Your Family Budget is part of the Saving 201 series that looks at financial life after coupons – because it can’t all be about coupons.

Budget.

Cringe.

If you are like me, words like budget and diet (and when I was younger, curfew) made me think – restrictive, going without, and basically no-fun.

And so I bucked the budget.

I was just fine, thank you very much. I was living a respectable financial life. I wasn’t overspending. I didn’t have any credit card debt and I had a modest savings account. I was good. Or so I thought, in theory.

But the problem with theories is that you can’t put them in a savings accounts.

For some reason, once I turned 35 the magical “theory” machine seemed to go dry. I still wasn’t overspending, but I also wasn’t putting money away for my kids college, maxing out IRA accounts, or paying down the mortgage on my house. They were things I wanted to do – I just didn’t know how to do them with my current budget.

I’ve often said that coupons changed my financial life forever. Well, if coupons changed my financial life, then Dave Ramsey’s The Total Money Makeover changed how I viewed budgets forever.

I got it at the library on a whim, and once I started reading, I was hooked. I devoured Dave’s book the same way I would have devoured a new Harry Potter book. I couldn’t stop reading. Everything he wrote made sense and I wanted to learn more.

After reading his book, I was determined to turn my previous “theories” into systematic goals – I realized that I wasn’t getting any younger and there were things I wanted out of my financial life.

But first, I had to get Hubs on board. Because if you don’t have EVERYONE on board, you will fail – GUARANTEED.

So I made him read The Total Money Makeover.

And he was midly interested, so I worked on him, and we made some Snyder Long-Term Financial Goals.

Snyder Long-Term Financial Goals

1. Have a $1K cash emergency fund.

2. Pay off any debt outside of our home.

3. Have a six-month emergency fund in a savings/money market account. (Some have three  – we have six.)

4. Fully fund our IRAs.

5. Fully fund out kiddos ESAs. (Sorry kids, you are going to state school.)

6. Pay off the mortgage.

What I loved about Dave’s Plan is that it is a rolling plan – you complete Goal #1 before you move on to Goal #2.

The list isn’t huge – but it is pretty audicious by today’s standards. And it is just honest – there is no trickery or beating the system – it’s just our goals.

But for once we had goals. And they were on paper. And we had agreed on them.

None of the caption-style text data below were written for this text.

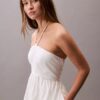 Vestido Midi com Decote Halter em Sarja de Algodão Vestido Midi com Decote Halter em Sarja de Algodão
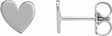 14K White Gold 6 mm Asymmetrical Heart Earrings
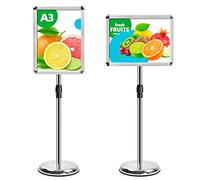 VAIIGO A3 porte - logo porte - affiche réglable porte - affiche en aluminium cadre à pression porte - menu porte - annonce interchangeable porte - sécurité et base ronde stable (argent, A3)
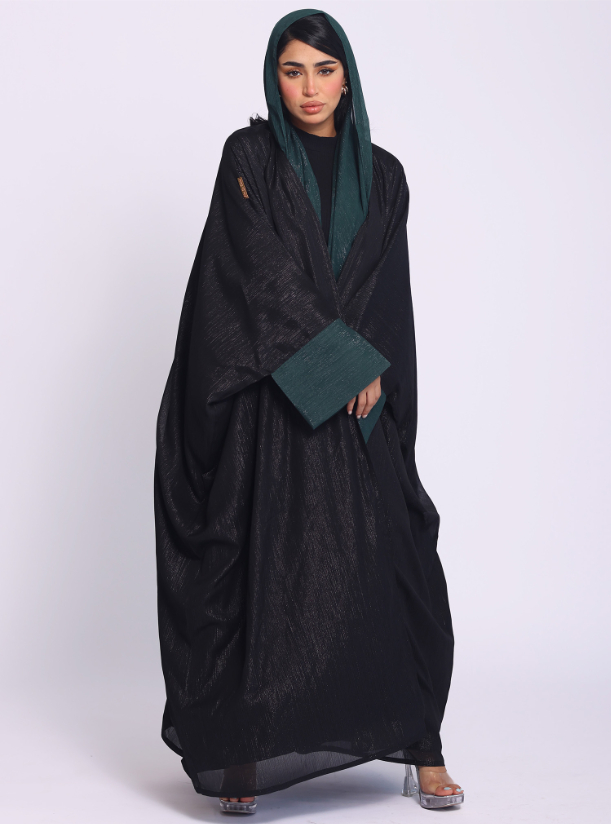 MISS Abaya Black and tealcolorblock metallic abaya with headscarf ...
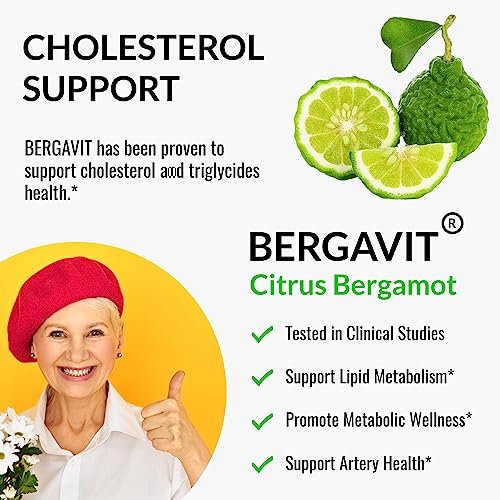 UpNourish Pflanzensterole mit Citrus Bergamot, CoQ10, Omega 3, Olivenblatt, Curcumin, Schwarzer Knoblauch und Niacin – 120 Softgels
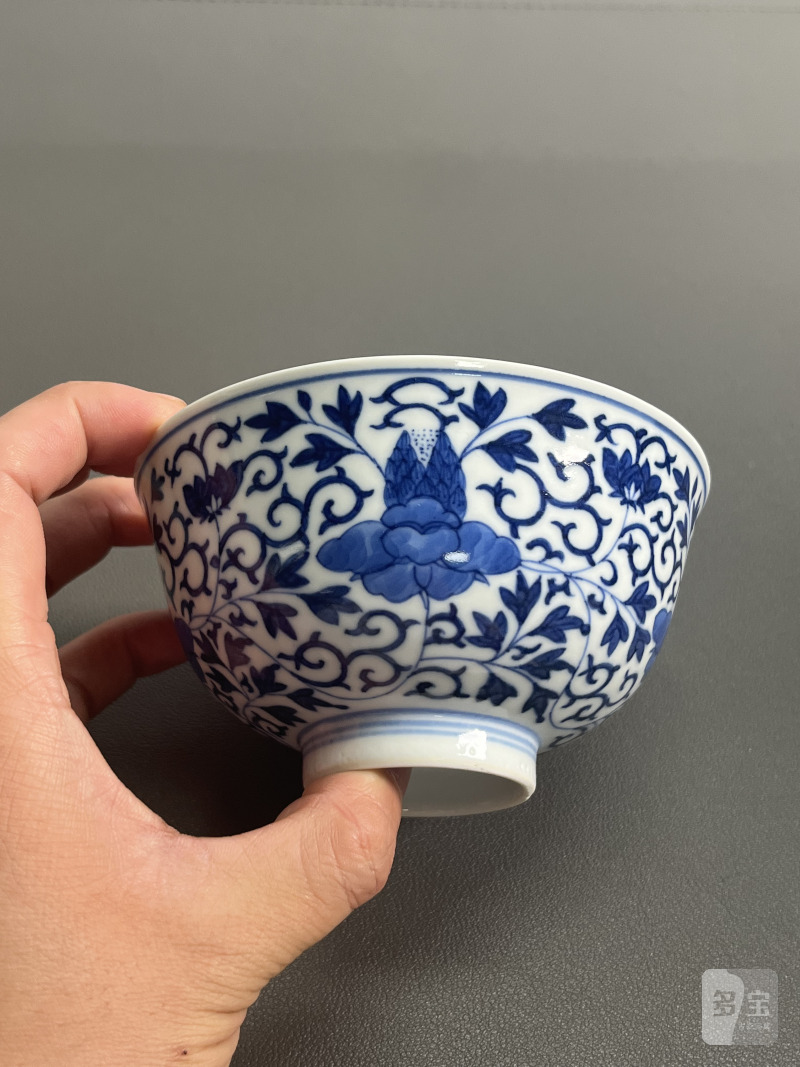 清光绪  青花缠枝花卉纹碗 - 图7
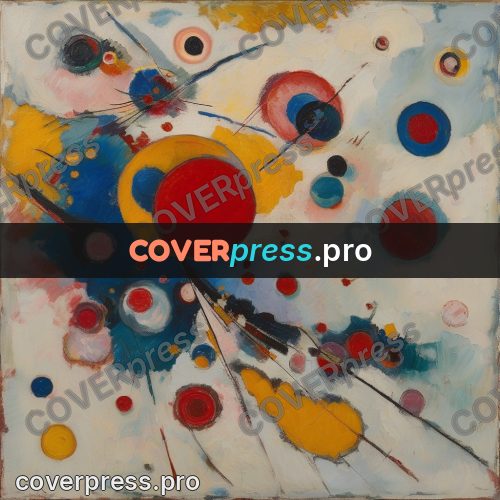 Kandinsky style abstract drawing: scatter of circles on cream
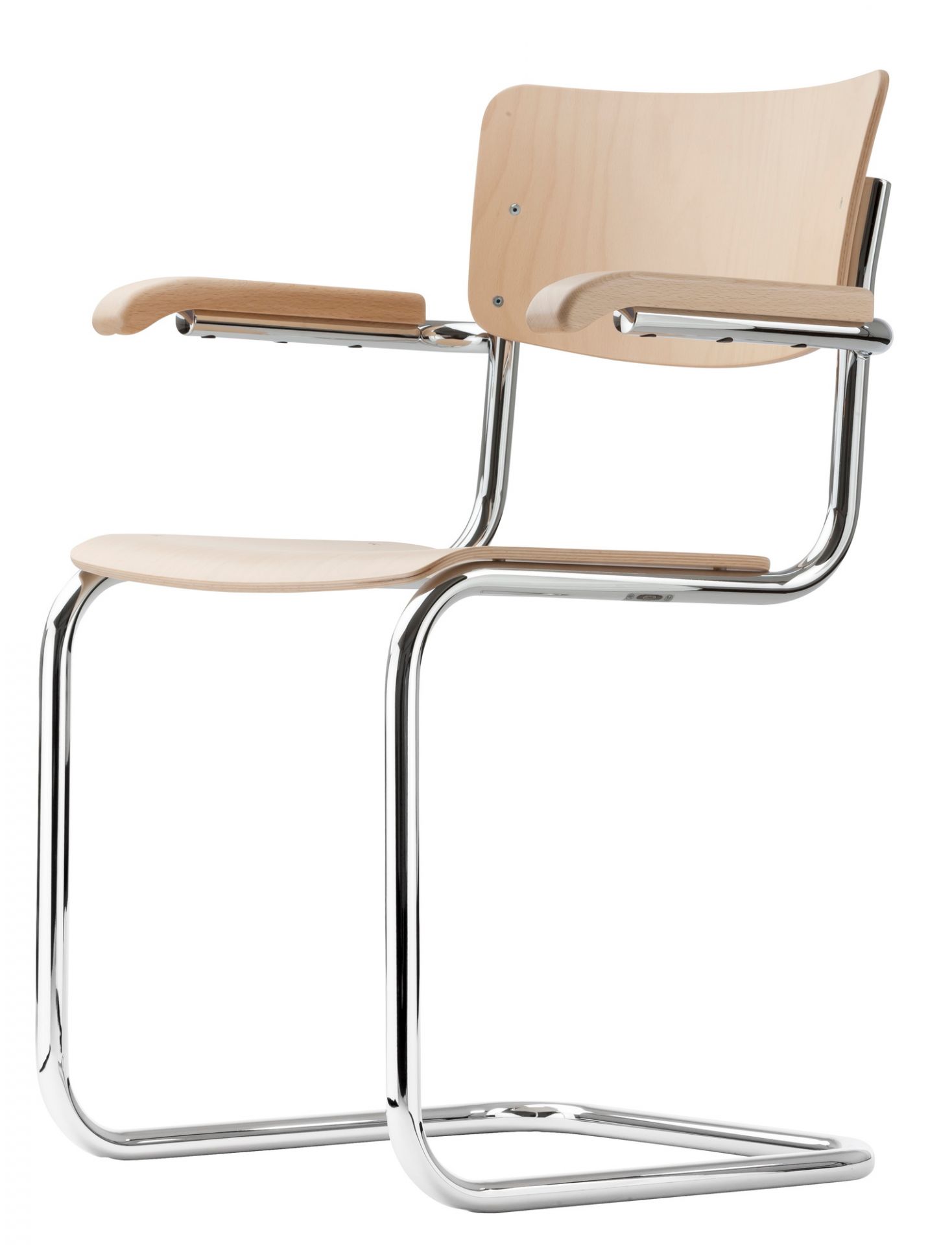 S 43 F Thonet Freischwinger mit Buche natur Sitzfläche und verchromtem Stahlrohr Gestell.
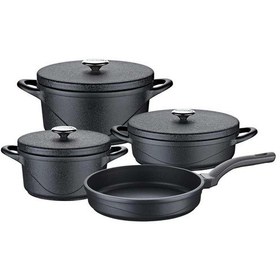 Resim Oms 3557 Wave Quartz Prıme 7 Parça Biogranit Döküm Tencere Seti Siyah 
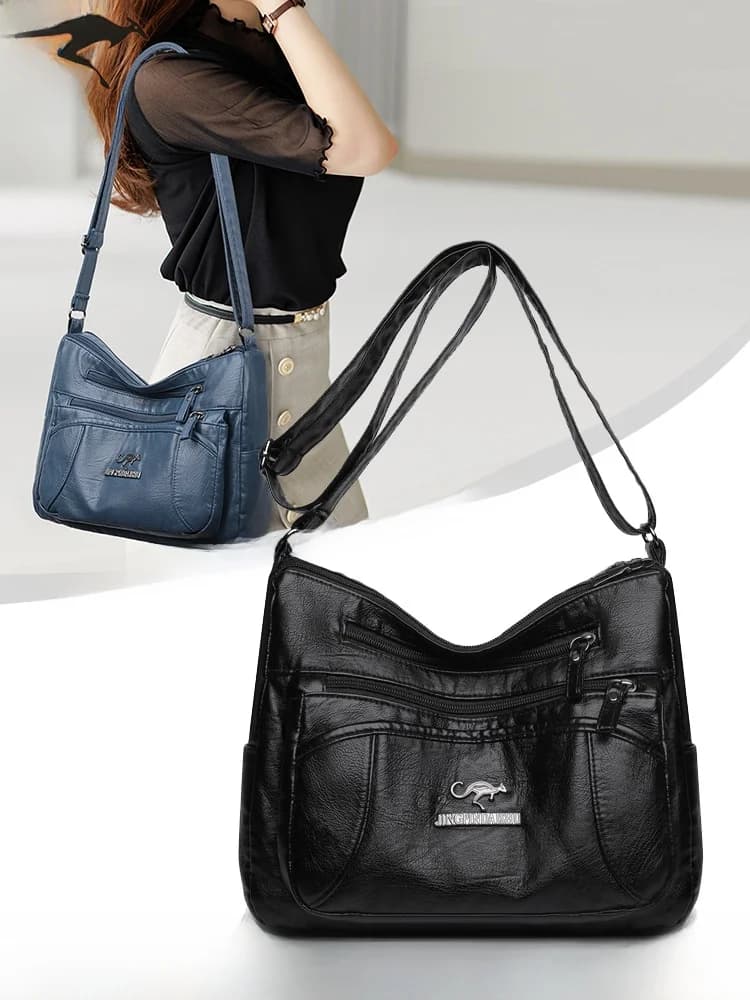 Leather Handbag Women's Large Capaci oulder Crossbody Bag Soft Leather Vegetable Bung Bag Faionable Multi-layered
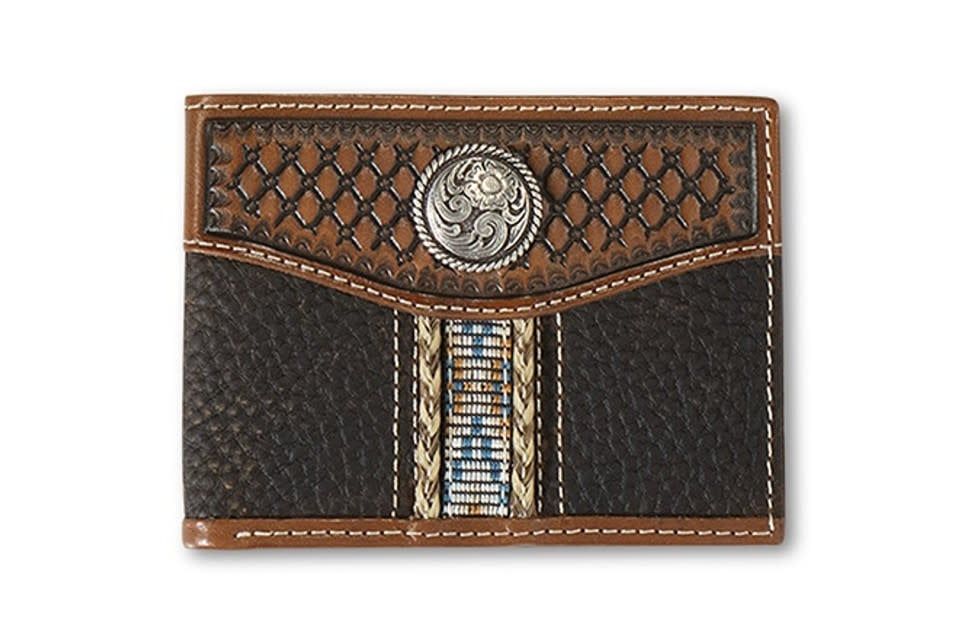 ARIAT BIFOLD SOUTHWESTERN BROWN WALLET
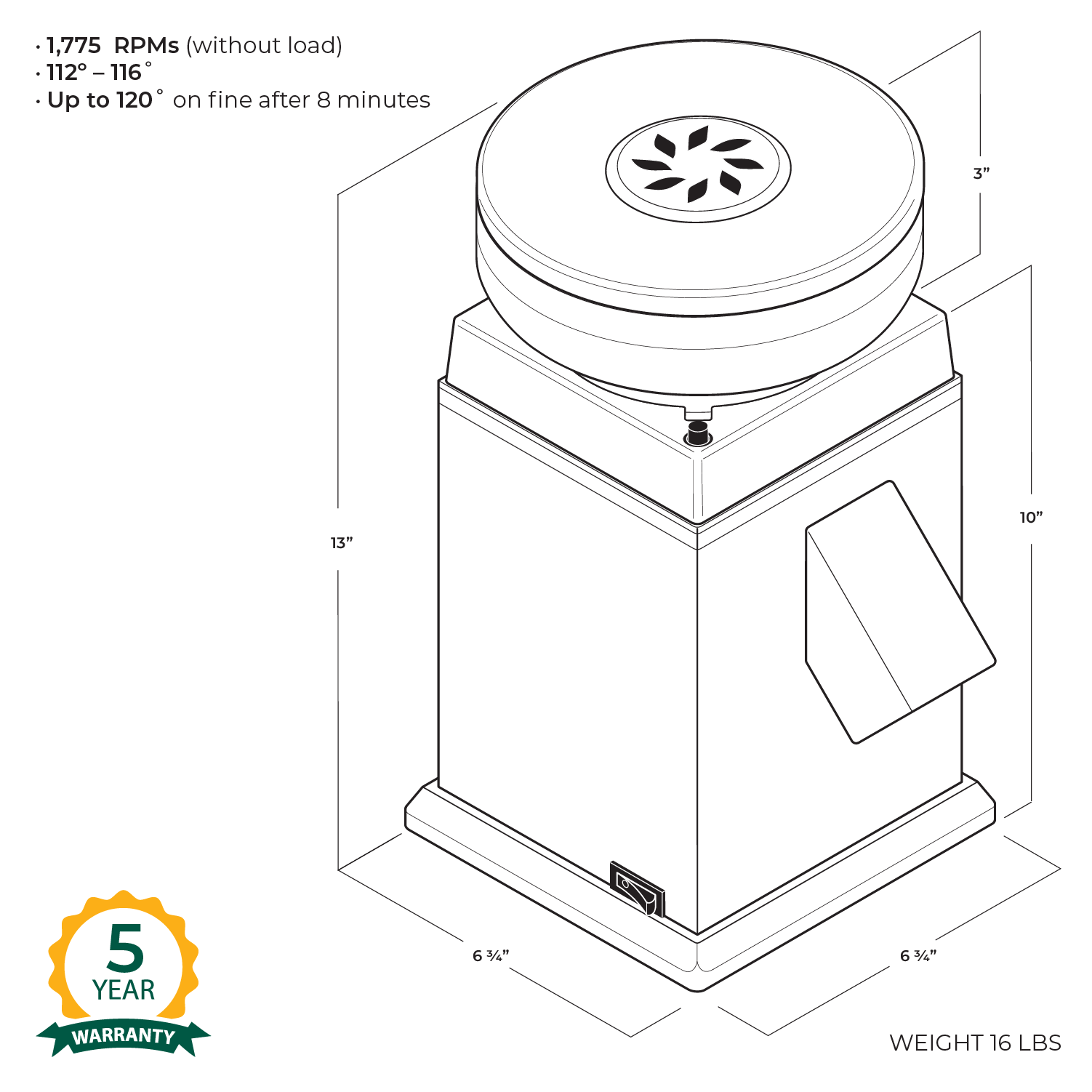Refurbished Harvest Grain Mill - Black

And we were going to work on them together. And that felt really good.

So do you have long-term goals?

That’s your homework assignment for the week. (You didn’t know you had homework, did you?)

Determine your long-term goals. Do they look like mine? Are they vastly different? Are they on paper?

Set some time aside this week to talk to your significant other about your family’s goals and write them down. Because if you don’t have long-term goals that have been agreed upon together – you will fail.

And also, you’ll need your long-term goals for Week Three.

And if you complete all four-weeks worth of homework – there will be a surprise at the end that your won’t want to miss.

(Join me next Tuesday as we talk about finding out what we spend and making it add up. Also remember to check out these fellow bloggers posts on ways you can Renew for You in 2011.)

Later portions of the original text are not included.